Heads fall off in football’s kneejerk season

So it looks like Liverpool and Manchester United will be fighting to stay in the Premier League this season. West Ham are gone already. And it’s three titles in a row for mighty Manchester City and their lovely paymasters.

That’s what football social media half suggests, anyway. Regardless of the fact that each team has played a grand total of three games, sweeping conclusions are being leapt to everywhere. Historically, we didn’t even see league tables at this point of the year (and in most years, the season was only just beginning.) We have a ridiculously compressed calendar because of a moronic, money-motivated decision to play the World Cup in Qatar in winter. Even as a fan, I wasn’t quite ready to pitch back in to the hype and madness that is the English Premier League; I am sure players used to easing their way back from the beach about now wish they were still sunbathing.

Football and social media are a terrible combination. Social media requires binary views and simplistic, tribal arguments. Football is basically built on the latter and is increasingly driven by its marketeers towards the former. Messi or Ronaldo? Gerrard or Lampard? Pep or Klopp? The pointless arguments rage to the point where the one you prefer is brilliant beyond reproach and the other a comically overrated spoofer.

Sky Sports remains the premier pusher of the Premier League. In many ways, what they do is brilliant and the likes of BT, the BBC and Johnny-come-latelys Amazon have been left in the dust. Sky has by far the best pundits – Gary Neville and Jamie Carragher remain the prime movers – but has anyone else noticed how shouty they have all become lately? Like every other broadcaster, Sky Sports knows controversy means clicks and clicks may attract new audiences.

So we have the bizarre spectacle of Jamie “look at me when I’m talking to you” Redknapp facing off against Gary Neville over the blame for Man United’s lost decade. We have Roy Keane rants about players being worried about their hairstyles; Graeme Souness telling Emma Carney and others it’s a “man’s game”. All this replayed for clicks and comments on socials. Everyone has to take a side: players and teams are either the best of all time or overpaid flops. This feverish hype generates your social media traffic; you can leave the tiresome “bantz” and tribalism between rival fans to raise the pitch to screeching point.

Last week, Manchester United were down and out after two games, their new manager had failed, or the owners had, or the players had, or something. Argue that out among yourselves, as loudly as possible please. This week, Manchester United beat Liverpool. Now it is Liverpool – who a matter of weeks ago were being lauded as one of the greatest teams of all time – who are in ‘crisis’. Three games, no wins. There is no way they will make up a gargantuan 7-point gap from the remaining 105 points available. Liverpool’s defeat and two draws have taken the heat off not just Man United, but also Chelsea, who slumped to a shock 3-0 at Leeds. Should Liverpool win their next game and Chelsea lose theirs, the knees will jerk towards the Blues. “Fundamental questions” will suddenly need to be asked about what has gone wrong at Stamford Bridge.
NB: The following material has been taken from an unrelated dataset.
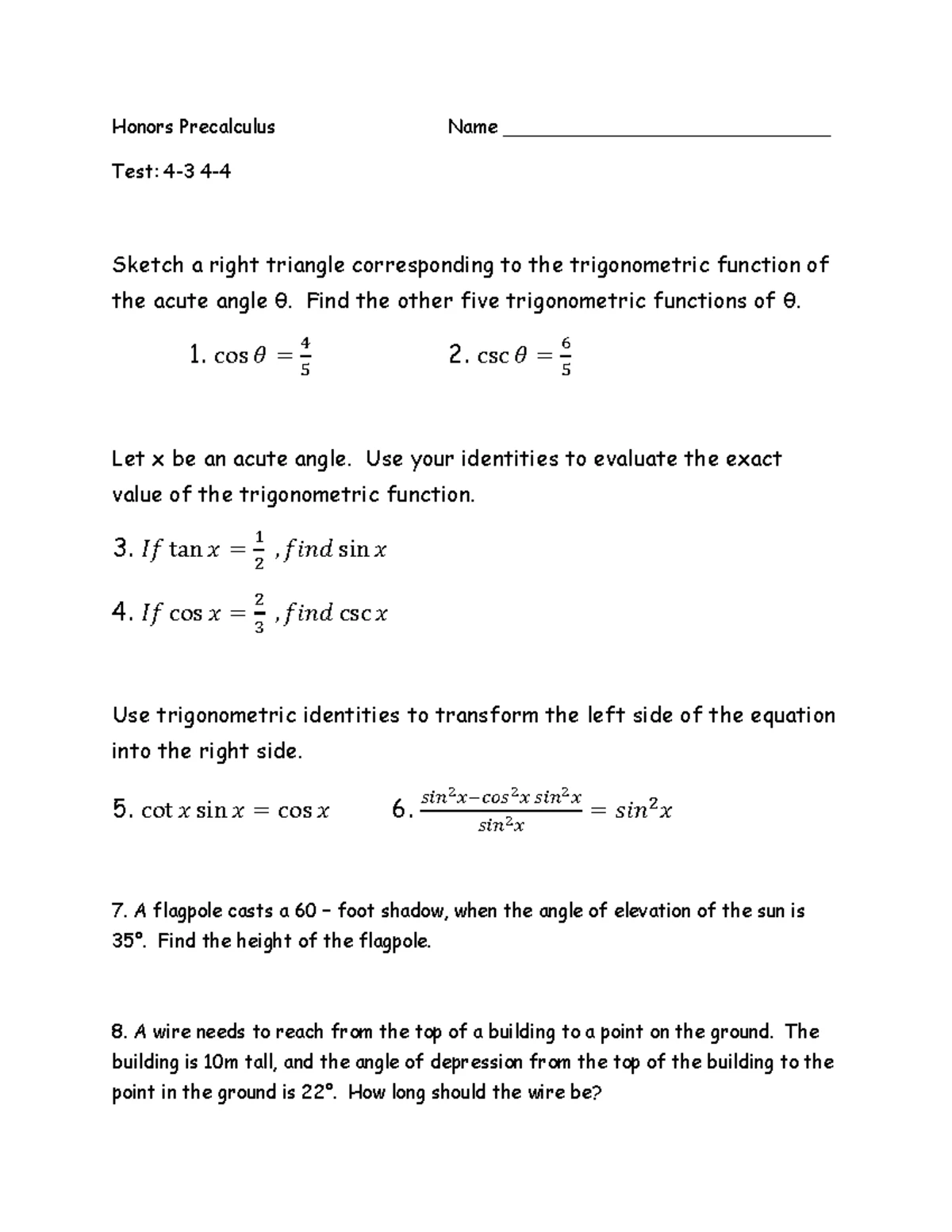 AP PC WSA 2 - this goes over math work - Worksheet A: Topic 2 ...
For this bonkers agenda to take hold, and for Sky and the many media outlets to maximise interest in their product, every game has to be life or death, critical and consequential. Had VAR done its job at Old Trafford, the second goal may not have counted and the story may be different: how could United turn these improved performances into wins? Questions about Liverpool would remain, partly due to the ridiculous standards they and Man City have set in recent seasons, where the occasional draw has felt akin to a defeat. But the narrative changes with each result. Everything is based on what happened yesterday. Neville is an admirable pundit, but the number of times he has seen the green shoots of recovery at Old Trafford only to denounce the club as falling apart within weeks is extraordinary. Except it’s not, because that is how modern football punditry works – it is all about the last game, the newest signing or the latest social media-friendly rant.

So as heads fall off all over the place, perhaps we’re just better to remember what’s great about football: it’s unpredictable. Sports washing empires and too much money may have made it less so this century, but football is unlike almost any other sport in its capacity to produce surprise results. The best team won’t always win, the best players won’t always perform. Moments of magic, mistakes and madness will continue to impact the outcome. Good footballers won’t become bad and poor football teams won’t become good overnight.

It is not actually possible, in the early stages of a disrupted season, to draw any conclusions about anything (at a similar stage last year, Man City were faltering and Man United were supposedly an emerging force). If everyone could just calm down, wait and see and start to assess the situation around the time we break for this stupidly-timed World Cup, we’d all be better for it – except, perhaps, those whose audiences depend on the whole enterprise being conducted on the edge of hysteria.